-- Requirement --
Copy the complete listing word for word, but do not carry over any images.

-- Provided data --
+ + + + + + +

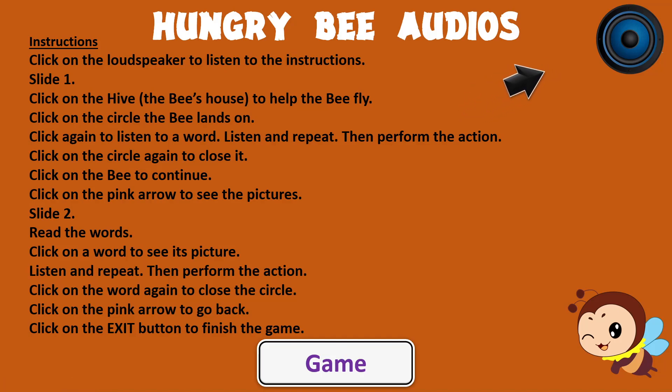Slide 1. Click on the hive, the bee's house, to help the bee fly. Click on the circle the bee lands on. Click again to listen to a word. Listen and repeat. Then perform the action. Click on the circle again to close it. Click on the bee to continue. Click on the pink arrow to see the pictures.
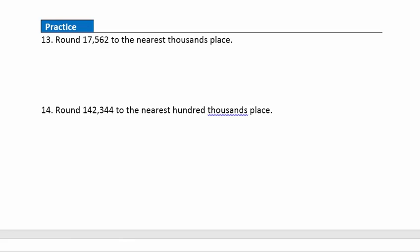Question 13: round this number to the nearest thousands place. The thousands place is the seven, so we circle that digit. Looking to the right, that five tells us we need to round this seven up one, so we're going to get 18 now. Every digit after this rounded digit goes to zero, so we're going to get 18,000.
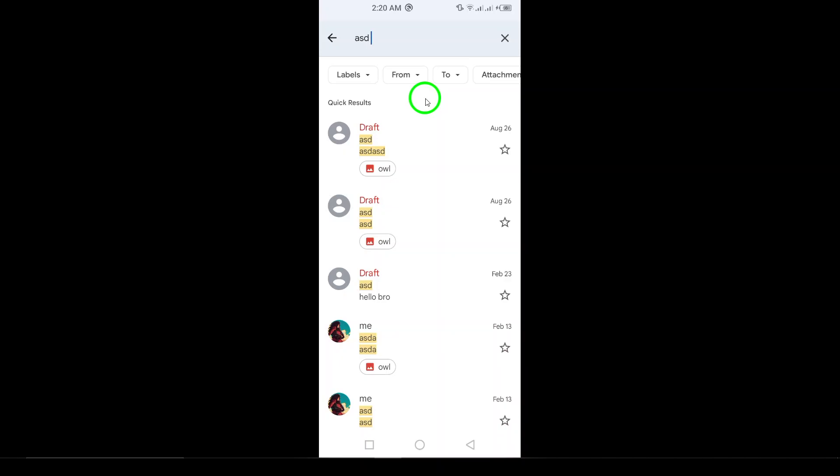Once you see the search results, select the conversation you're looking for. Just tap on it, and voila! You've successfully accessed your hidden chat.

+ + + + + + +

-- Result --
Slide 1. Click on the hive, the bee's house, to help the bee fly. Click on the circle the bee lands on. Click again to listen to a word. Listen and repeat. Then perform the action. Click on the circle again to close it. Click on the bee to continue. Click on the pink arrow to see the pictures.
Question 13: round this number to the nearest thousands place. The thousands place is the seven, so we circle that digit. Looking to the right, that five tells us we need to round this seven up one, so we're going to get 18 now. Every digit after this rounded digit goes to zero, so we're going to get 18,000.
Once you see the search results, select the conversation you're looking for. Just tap on it, and voila! You've successfully accessed your hidden chat.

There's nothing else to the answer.